Quantitative Baker Theorem and Rational Approximation of logarithms
Published:
This post posts some rational approximation properties of logarithms $\log_pq$, where $p,q$ are multiplicatively independent natural numbers. This will be discussed as an immediate consequence of quantitative Baker’s theorem.
Rational Approximations
Given an irrational number $x\in(0,1)$ (or rational numbers with large heights), the quantity $\vert x-\frac{p}q\vert$ (where $\frac{p}q\in\mathbb{Q}$) gains attention in many ways.

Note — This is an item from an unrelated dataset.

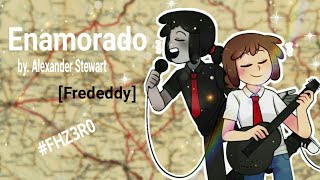 Enamorado - by. Alexander Stewart - » Frededdy « #FHSZ3R0 // #pedido7u7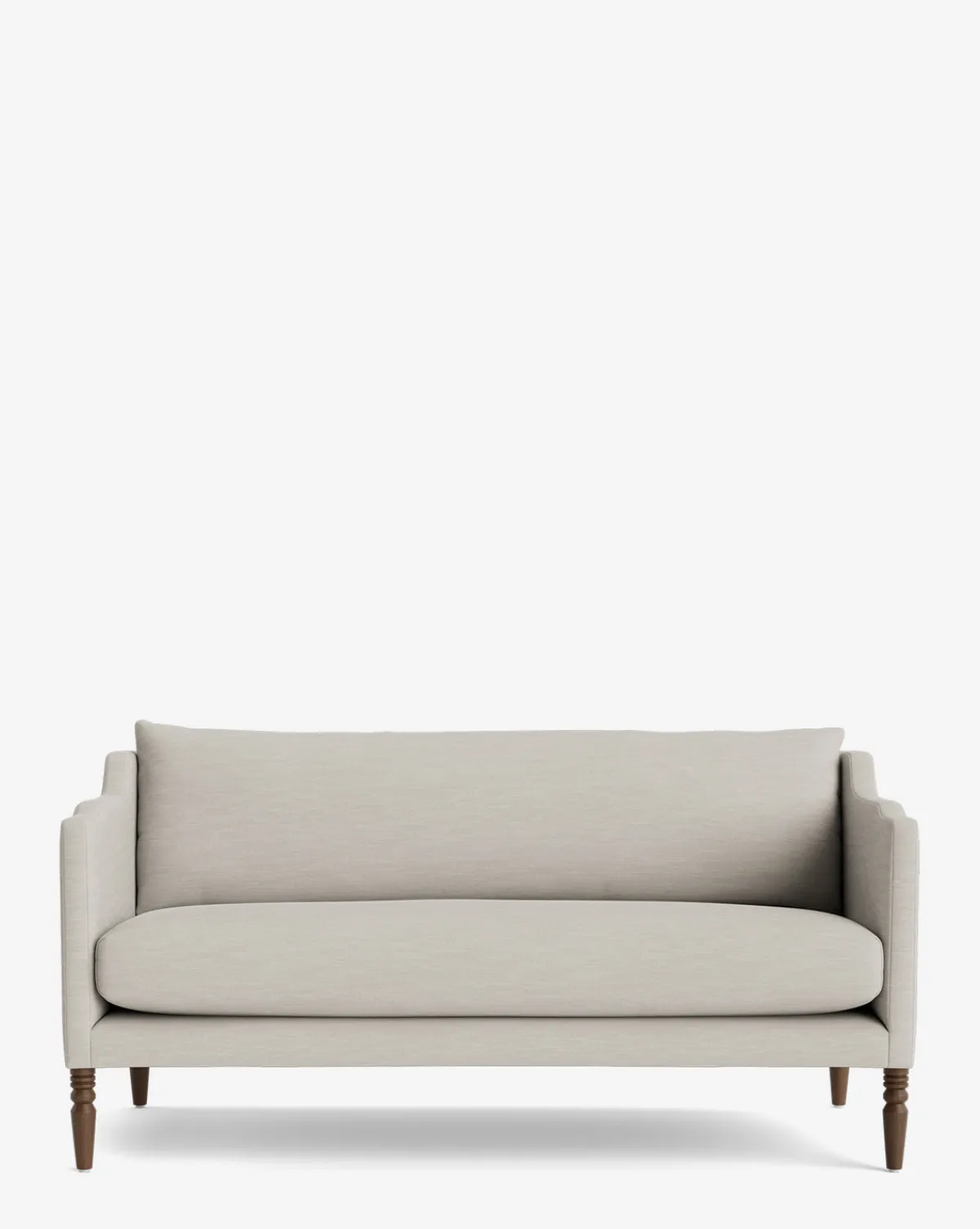 Gemma Settee 65"|Makerspalm Sale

For instance, in numerical algorithms, if we want to estimate $x\in(0,1)$ up to $k$ exact digits, having a definite gap between $x$ and its $k$-digit value $\lfloor 10^kx\rfloor/10^k$ helps us to use an approximate $y\approx x$ of $x$. So for instance, if one can ensure that
\[\left\vert 10^k(x - y)\right\vert \ll \left\vert 10^kx-p\right\vert,\]for any integer $p$, then this tells $\lfloor 10^kx\rfloor=\lfloor 10^ky\rfloor$.
The main tool to study quantities like $\vert x-\frac{p}q\vert$ or $\vert qx-p\vert$ is convergents of the continued fraction of $x$.
Continued Fractions
See Einsiedler and Ward, 2011 Chapter 3 for details. I post only a brief sketch of the theory.
We first set some notation for a continued fraction (here, $a_0\in\mathbb{Z}$ and $a_1,a_2,a_3,\ldots\in\mathbb{N}:=\mathbb{Z}_{>0}$):
\[x=a_0+\dfrac1{a_1+\dfrac1{a_2+\dfrac1{a_3+\dfrac1\cdots}}} \\ =[a_0;a_1,a_2,a_3,\ldots]\phantom{xxxx} \\ =a_0+\frac1{a_1+}\frac1{a_2+}\frac1{a_3+}\cdots.\]The last notation, known as a variant of Pringsheim’s notation, may be useful in the study of convergents. By a convergent of a continued fraction $[a_0;a_1,a_2,\ldots]$ we mean the following rational number (with positive denominator and written in the reduced form):
\[\frac{p_n}{q_n}:=[a_0;a_1,a_2,\ldots,a_n].\]Another way to determine the numbers $(p_n,q_n)$ is to use the following recurrence relation.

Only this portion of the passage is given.